French Montana is carrying on Mac Miller’s legacy years after his death.
While fans still struggle to accept Miller’s death nearly four years later, Montana has moved on and used his experience to help others overcome addiction.
Montana told host Janine Rubenstein in an exclusive interview with PEOPLE Every Day that Miller’s death brought him to his lowest point in life. But he eventually turned it into an inspiration to reach out to others.
He stated in the podcast:
“It touched me because I’m in that space and I consider these artists as my brothers and my family. And when we lose one, it’s like damn near losing part of us. I’ve been thinking about this for a very long time. What can I do to help?”

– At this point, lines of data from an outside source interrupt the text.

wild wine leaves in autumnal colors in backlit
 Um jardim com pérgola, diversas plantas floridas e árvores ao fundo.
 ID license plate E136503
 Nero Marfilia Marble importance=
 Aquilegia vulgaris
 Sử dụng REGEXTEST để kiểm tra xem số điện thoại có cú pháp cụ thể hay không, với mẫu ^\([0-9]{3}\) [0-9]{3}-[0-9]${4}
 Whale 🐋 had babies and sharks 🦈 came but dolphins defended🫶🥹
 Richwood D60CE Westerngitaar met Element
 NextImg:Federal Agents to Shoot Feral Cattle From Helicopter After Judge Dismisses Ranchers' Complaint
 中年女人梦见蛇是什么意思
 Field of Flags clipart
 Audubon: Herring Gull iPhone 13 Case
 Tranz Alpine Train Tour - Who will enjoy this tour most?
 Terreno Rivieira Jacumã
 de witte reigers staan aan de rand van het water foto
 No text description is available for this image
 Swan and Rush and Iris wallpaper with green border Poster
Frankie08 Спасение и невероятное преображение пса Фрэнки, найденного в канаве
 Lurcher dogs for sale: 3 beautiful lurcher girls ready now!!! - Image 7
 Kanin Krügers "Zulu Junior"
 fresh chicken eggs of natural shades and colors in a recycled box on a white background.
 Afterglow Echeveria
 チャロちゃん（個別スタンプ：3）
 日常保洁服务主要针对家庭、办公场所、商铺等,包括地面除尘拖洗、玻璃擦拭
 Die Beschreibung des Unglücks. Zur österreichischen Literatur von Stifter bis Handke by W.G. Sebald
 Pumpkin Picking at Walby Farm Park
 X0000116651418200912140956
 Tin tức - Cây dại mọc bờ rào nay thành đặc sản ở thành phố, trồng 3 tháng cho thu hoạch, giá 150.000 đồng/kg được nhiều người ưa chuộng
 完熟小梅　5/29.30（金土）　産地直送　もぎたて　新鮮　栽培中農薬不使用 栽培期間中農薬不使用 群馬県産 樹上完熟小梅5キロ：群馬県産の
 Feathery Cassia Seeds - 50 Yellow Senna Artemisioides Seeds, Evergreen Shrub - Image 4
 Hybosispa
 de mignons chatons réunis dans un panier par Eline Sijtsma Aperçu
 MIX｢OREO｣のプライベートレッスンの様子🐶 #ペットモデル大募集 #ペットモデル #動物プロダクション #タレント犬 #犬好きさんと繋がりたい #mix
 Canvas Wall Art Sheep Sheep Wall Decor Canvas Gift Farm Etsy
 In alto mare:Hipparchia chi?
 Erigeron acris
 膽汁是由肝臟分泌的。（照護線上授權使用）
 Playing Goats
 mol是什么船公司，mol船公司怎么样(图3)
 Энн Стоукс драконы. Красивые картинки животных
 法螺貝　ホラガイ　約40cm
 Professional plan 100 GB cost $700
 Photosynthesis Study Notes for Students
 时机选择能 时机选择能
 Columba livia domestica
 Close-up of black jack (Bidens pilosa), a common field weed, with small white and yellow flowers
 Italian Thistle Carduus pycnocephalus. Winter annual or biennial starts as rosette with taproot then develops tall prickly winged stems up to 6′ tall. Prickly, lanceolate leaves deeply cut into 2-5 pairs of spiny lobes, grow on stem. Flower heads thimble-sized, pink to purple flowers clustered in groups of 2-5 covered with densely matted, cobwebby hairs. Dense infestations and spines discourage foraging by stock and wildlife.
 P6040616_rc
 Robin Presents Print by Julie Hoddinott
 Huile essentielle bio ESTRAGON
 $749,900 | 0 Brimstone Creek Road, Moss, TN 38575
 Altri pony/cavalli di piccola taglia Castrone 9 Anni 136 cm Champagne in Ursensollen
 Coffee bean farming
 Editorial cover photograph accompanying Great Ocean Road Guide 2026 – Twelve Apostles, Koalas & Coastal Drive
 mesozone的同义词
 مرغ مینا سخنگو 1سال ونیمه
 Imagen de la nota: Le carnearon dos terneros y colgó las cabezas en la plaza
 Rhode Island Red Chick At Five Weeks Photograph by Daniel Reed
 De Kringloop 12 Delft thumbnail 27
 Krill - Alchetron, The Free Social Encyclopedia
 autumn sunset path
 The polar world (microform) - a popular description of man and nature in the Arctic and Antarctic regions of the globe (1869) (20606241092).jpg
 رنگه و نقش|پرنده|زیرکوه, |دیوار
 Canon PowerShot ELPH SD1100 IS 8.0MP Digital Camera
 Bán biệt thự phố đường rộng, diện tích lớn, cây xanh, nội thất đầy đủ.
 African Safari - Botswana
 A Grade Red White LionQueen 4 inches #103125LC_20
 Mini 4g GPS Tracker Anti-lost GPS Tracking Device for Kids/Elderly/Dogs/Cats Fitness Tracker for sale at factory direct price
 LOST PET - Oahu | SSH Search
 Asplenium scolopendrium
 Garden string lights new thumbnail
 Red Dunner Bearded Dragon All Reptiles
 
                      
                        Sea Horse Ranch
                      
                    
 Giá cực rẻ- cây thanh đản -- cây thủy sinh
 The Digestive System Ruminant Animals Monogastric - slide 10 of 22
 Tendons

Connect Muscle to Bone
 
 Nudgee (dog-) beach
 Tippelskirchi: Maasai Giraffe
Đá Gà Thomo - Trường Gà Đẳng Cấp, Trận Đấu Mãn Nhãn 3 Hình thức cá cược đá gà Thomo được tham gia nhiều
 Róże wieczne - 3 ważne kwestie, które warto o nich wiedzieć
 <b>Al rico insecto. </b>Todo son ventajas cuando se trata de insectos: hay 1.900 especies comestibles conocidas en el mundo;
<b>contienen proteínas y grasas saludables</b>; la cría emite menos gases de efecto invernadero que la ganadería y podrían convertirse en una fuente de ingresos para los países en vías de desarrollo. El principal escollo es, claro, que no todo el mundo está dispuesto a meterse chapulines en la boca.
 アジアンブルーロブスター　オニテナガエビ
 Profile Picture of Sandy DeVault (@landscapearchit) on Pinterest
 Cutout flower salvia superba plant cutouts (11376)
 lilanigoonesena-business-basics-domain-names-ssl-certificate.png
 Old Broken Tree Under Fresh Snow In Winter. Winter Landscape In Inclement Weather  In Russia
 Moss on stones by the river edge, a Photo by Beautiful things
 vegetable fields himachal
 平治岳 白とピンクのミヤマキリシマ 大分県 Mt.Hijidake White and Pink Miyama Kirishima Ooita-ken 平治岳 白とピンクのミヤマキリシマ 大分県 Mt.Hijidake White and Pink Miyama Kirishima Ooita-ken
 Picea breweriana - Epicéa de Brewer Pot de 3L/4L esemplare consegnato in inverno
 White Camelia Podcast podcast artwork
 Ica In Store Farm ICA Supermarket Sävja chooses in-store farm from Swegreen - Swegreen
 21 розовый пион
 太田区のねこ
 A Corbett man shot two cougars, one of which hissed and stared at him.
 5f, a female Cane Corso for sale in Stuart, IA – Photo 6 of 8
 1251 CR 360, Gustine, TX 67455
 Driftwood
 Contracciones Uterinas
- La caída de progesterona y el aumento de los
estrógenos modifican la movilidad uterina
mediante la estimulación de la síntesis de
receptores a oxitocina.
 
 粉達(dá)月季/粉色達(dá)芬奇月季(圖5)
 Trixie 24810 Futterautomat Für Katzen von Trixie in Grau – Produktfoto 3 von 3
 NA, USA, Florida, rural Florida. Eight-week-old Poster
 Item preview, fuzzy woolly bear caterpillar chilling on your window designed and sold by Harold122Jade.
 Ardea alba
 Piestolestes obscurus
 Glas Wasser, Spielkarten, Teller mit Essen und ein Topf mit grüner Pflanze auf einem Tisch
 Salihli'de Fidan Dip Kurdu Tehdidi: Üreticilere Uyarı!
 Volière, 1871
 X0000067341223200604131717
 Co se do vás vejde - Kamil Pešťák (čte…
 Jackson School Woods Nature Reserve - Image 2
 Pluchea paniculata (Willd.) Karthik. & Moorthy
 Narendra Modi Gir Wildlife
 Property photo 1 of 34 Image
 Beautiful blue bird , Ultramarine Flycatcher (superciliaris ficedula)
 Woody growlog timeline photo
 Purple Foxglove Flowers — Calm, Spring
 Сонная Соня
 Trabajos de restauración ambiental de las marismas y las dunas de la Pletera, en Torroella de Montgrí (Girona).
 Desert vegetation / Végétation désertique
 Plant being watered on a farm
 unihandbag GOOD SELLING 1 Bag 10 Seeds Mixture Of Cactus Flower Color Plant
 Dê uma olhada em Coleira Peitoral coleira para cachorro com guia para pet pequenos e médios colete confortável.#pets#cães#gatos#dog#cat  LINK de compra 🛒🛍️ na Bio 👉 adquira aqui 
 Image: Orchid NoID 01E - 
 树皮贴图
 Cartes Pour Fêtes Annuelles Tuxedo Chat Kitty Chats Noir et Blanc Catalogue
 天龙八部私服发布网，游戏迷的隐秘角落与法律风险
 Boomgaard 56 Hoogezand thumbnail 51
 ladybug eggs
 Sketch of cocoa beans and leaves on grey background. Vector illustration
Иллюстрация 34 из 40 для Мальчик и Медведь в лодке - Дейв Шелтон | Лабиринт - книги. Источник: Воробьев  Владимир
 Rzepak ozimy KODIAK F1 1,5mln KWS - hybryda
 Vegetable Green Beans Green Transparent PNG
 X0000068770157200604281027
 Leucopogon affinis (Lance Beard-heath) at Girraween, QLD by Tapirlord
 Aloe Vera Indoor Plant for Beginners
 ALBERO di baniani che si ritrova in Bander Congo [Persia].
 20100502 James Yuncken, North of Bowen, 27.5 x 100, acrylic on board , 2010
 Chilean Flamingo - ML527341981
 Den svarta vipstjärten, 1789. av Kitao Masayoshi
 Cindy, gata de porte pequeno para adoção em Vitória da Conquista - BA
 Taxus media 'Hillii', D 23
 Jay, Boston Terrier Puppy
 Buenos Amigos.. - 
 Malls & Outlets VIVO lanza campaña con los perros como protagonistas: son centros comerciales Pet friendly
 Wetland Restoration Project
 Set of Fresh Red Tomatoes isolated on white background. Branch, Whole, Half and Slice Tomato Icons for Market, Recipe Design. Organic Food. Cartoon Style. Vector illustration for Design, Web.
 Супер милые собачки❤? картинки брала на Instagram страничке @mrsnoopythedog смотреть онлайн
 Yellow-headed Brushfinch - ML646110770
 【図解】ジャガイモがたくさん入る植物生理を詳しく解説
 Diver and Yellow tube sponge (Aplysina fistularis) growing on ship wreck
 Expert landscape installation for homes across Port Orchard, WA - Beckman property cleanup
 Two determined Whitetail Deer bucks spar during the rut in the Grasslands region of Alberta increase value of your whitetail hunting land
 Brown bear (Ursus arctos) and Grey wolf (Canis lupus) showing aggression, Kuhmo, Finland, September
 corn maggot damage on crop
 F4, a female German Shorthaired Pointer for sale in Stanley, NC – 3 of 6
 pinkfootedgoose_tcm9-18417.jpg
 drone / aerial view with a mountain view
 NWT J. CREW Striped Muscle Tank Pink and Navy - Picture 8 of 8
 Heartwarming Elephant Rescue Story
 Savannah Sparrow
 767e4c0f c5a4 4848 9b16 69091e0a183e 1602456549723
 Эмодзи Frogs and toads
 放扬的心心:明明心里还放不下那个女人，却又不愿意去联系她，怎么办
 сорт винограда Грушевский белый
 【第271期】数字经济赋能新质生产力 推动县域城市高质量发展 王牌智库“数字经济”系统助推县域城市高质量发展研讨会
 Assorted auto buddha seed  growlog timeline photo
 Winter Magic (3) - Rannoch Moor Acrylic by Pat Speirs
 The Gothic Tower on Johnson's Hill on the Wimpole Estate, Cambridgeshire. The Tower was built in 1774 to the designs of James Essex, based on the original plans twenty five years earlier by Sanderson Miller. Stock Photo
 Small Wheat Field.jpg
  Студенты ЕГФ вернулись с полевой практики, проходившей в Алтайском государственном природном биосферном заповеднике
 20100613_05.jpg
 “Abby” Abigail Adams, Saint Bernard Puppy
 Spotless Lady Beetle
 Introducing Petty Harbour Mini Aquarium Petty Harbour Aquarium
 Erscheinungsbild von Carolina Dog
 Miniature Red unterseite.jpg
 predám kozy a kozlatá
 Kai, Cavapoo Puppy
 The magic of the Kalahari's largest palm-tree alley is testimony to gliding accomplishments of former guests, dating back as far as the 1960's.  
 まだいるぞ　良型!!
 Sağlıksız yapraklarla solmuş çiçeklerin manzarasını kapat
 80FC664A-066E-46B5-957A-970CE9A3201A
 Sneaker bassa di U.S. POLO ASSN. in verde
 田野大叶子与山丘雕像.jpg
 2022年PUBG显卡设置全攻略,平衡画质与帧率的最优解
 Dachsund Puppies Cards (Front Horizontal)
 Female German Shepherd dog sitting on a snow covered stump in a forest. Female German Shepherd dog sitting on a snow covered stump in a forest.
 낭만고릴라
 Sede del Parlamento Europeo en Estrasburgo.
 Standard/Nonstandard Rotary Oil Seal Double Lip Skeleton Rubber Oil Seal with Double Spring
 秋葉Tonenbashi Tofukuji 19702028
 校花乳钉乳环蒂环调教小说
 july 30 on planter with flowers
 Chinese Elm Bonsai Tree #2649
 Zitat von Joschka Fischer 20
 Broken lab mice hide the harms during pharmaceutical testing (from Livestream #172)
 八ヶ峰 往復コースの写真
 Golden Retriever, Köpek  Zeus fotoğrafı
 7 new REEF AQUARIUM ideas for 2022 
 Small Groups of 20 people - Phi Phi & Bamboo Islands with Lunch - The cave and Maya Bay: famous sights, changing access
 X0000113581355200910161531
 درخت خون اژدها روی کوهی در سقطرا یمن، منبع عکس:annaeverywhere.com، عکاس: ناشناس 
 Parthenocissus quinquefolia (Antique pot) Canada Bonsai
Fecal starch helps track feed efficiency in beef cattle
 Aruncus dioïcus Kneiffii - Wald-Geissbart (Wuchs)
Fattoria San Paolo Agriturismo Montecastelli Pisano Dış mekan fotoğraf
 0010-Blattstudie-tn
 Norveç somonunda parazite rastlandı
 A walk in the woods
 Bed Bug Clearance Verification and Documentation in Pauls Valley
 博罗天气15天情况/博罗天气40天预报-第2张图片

Following Miller’s death, the 37-year-old “Unforgettable” hitmaker struggled with alcohol and prescription drug addiction. He also spent two weeks in a hospital before getting sober in 2019.
Montana described alcohol as easy to get into but difficult to get rid of. It is also said to happen with pills. He did warn everyone that these things could be dangerous in the end.
He noted that the overdose rate has more than doubled in the last 20 years, particularly among artists and celebrities who refuse to talk about their problems.
Miller, the first African-born artist to achieve RIAA Diamond status, made a huge move in 2017 when he raised $500,000 to support his charitable efforts in Morocco. That same year, he assisted in establishing a hospital in Uganda.
Montana recently partnered with Guardian Recovery Services, NAQI Healthcare, which assists people in ending their substance abuse through a medically supervised home detox program.
It is available in press time in California, Texas, Florida, and New York. It will also be available in several states across the United States in the coming years.
With the collaboration, Montana sent a heartfelt message expressing his joy at being able to help people in the comfort of their homes. The team’s goal with the project is to help people stay alive wherever they are.
According to the NAQI Healthcare website, they treat people addicted to opiates, alcohol, cocaine, stimulants, synthetics, and prescription drugs, to name a few.